The load is not limited to the LED lamp. That is, a plurality of first wiring patterns for mounting a load are provided, and a plurality of resistance printing portions are provided so as to form a part of the first wiring pattern in a predetermined portion of each first wiring pattern. At least one end of each resistance printing section is connected to each land of the jumper section, and the other wiring of each jumper section facing the land is connected to the second wiring pattern. According to the printed circuit board configured such that the resistance value on each wiring pattern changes depending on whether the circuit is short-circuited, the current flowing through the load mounted on each of the plurality of wiring patterns can be adjusted. Therefore, it is possible to make the outputs of the loads mounted on each of the plurality of wiring patterns the same. As a result, the complexity of the work such as the replacement of the chip resistor can be avoided, and the cost of the product can be reduced.

FIG. 4 is a circuit diagram of another embodiment according to the present invention. In this embodiment, the LED lamps D1 to D9 are not divided into blocks, and each LED lamp D1 to D9 is provided with three resistance printing units R1 to R3, ..., R25 to R27. That is, in the embodiment shown in FIG.
While the resistance value can be selected for each of the divided blocks B1 to B3, the resistance value can be selected for each of the LED lamps D1 to D9 in the embodiment of FIG. Therefore, according to this embodiment, it is possible to adjust the brightness of each of the LED lamps D1 to D9 one by one.

[0024]

As described above, according to the printed circuit board of the present invention, the current flowing through the load can be adjusted by short-circuiting the desired land pair. For example, if an LED is mounted as the load, a plurality of LEDs
It is possible to realize an LED device including the LED, in which the LEDs emit light with the same brightness individually or in block units.

[Brief description of drawings]

FIG. 1 is a plan view schematically showing a main part of an embodiment of the present invention.

FIG. 2 is a circuit diagram of the embodiment shown in FIG.

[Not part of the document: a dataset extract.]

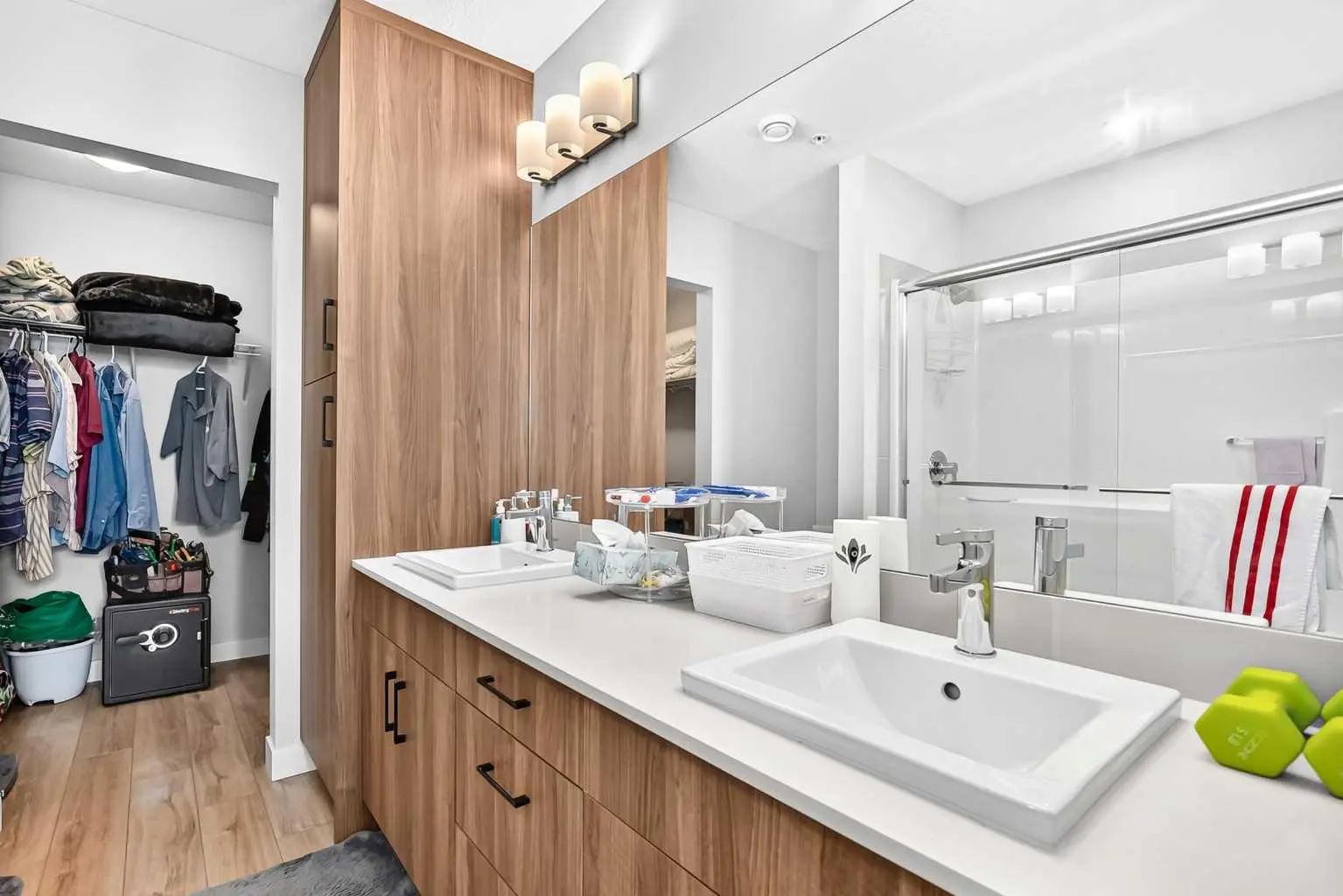 6106 200 Seton Circle Southeast, Calgary – Residential Apartment Listing Photo 21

FIG. 3 is a plan view showing a specific example of a jumper section used in the embodiment of FIG.

FIG. 4 is a circuit diagram showing another embodiment of the present invention.

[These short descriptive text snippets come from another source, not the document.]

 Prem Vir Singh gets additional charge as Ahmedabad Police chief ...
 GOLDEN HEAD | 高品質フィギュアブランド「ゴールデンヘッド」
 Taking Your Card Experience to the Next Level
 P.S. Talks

FIG. 5 is a perspective view schematically showing an appearance configuration and a luminance measuring device of a conventional example.

FIG. 6 is a circuit diagram showing a conventional example.

[Explanation of symbols]

 R1 to R27 ... Resistance printing section J1 to J27 ... Jumper section L1 to L27 ... Land M1 to M27 ... Land P1 to P9 ... First wiring pattern Q1 to Q9 ... Second wiring pattern D1 to D9 ... LED lamp 10 ... Wiring substrate

Claims (2)

[Claims] 1. A first wiring pattern for mounting a load is provided, and a plurality of resistance printing portions are formed in a predetermined portion of the first wiring pattern in a scattered manner to form a part of the first wiring pattern. At least one end of each resistance printing portion is connected to each land of the jumper portion, and another land of each jumper portion facing the land is connected to the second wiring pattern and faces each other. A printed circuit board characterized in that the resistance value on the wiring pattern changes depending on which land pair is short-circuited. 2. An LED device comprising an LED as a load on the printed circuit board according to claim 1.